Komarnicki’s tight script keeps a sense of discipline that feels in line with its subjects; he was able to balance the humanism of the story while still respecting the miraculous nature of the entire event. We’re not hard wired to wake up in the morning, and be expected to glide-land a commercial airliner on a massive body of water. So, it was smart of Komarnicki to let his script document the incredulous responses that waited for Sully after the event. Eastwood’s no frills directorial style is actually more visually flamboyant than usual, with some incredibly bold individual shots, while it’s very clear that he wastes no time with any aspect to the process. And I wish I could understand how the CGI was done in this film. Taking a page out of the Michael Bay playing field of the photo real image, the audience is treated to numerous shots of the plane that you know just can’t be real. And yet in every sequence, it never looks anything but thrillingly tangible; why does this movie look flawless at $60 million when every week some lumbering $200 million+ CGI-laden monstrosity is thrown up on screens looking like Playstation 2 leftovers? And the way that the technicians recreated that chilly morning on the water with wrap around green screens while filming in a flooded parking lot in Burbank with the hull of a plane dropped in the water – utterly spellbinding while feeling totally authentic. I am a firm believer in only doing this sort of effects work if you’re going to pour over each element, each detail. This is something that was clearly done by Eastwood, his estimable cinematographer Tom Stern, and many other visual consultants.

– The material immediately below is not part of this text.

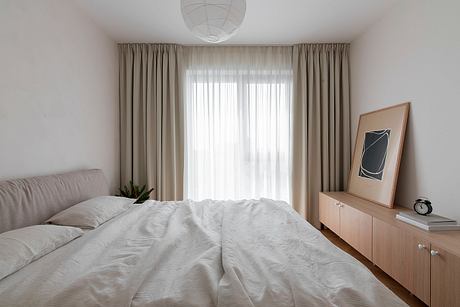 Cozy bedroom with plush bedding, minimalist furniture, and textured curtains.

And when it comes to the cinematography of Sully, Stern and Eastwood did something nobody had done before, by shooting in 65 mm IMAX for the duration of filming. The depth of field and striking level of clarity in certain moments is breathtaking. The overcast January skies were perfectly recreated, with an excellent use of desaturated color. This is one of those movies that just grabbed me by heart and mind from the opening seconds (which are startling and absolutely horrifying to consider…) and had me in its grasp for 95 minutes. The fleet editing by Blu Murray, a longtime Eastwood associate, keeps a pace that’s quite different from recent Eastwood efforts; there’s a bracing and direct quality to Komarnicki’s script that’s amplified by the measured directorial style and the extremely precise timing of each scene and moment. And to end the film on the note that it does, well, that moment of levity really hits hard and is a welcome relief from all of the stress and anxiety experienced by all of the characters. It should be noted that Aaron Eckhart is quietly fantastic in his role as the co-pilot; I was amazed by the grace under pressure that both men exhibited during the ordeal, and because this film was clearly designed around lots of research, it all feels totally believable. Hanks should be considered a national treasure at this point, always bringing a steady and sturdy level of gravitas to his roles. Of late, by taking on high profile men of action in films that aim to report the facts, he’s become the go-to-guy for unassuming efficiency with a dedication to doing one’s job. It’ll be a while before I can totally shake this movie out of my system, as the images have seared themselves into my cerebral cortex, and the feeling of overwhelming compassion that one feels for all of the first responders who came to the rescue is something I wasn’t prepared to take on. Recalling Oliver Stone’s vastly underrated World Trade Center, Eastwood’s film pays tribute to everyone who came together on that day, and who helped to save a group of strangers that never expected to be in the position that they found themselves in. Sully is a film that feels vital and important, and a reminder that human beings are still capable of greatness in ways that could never be predicted.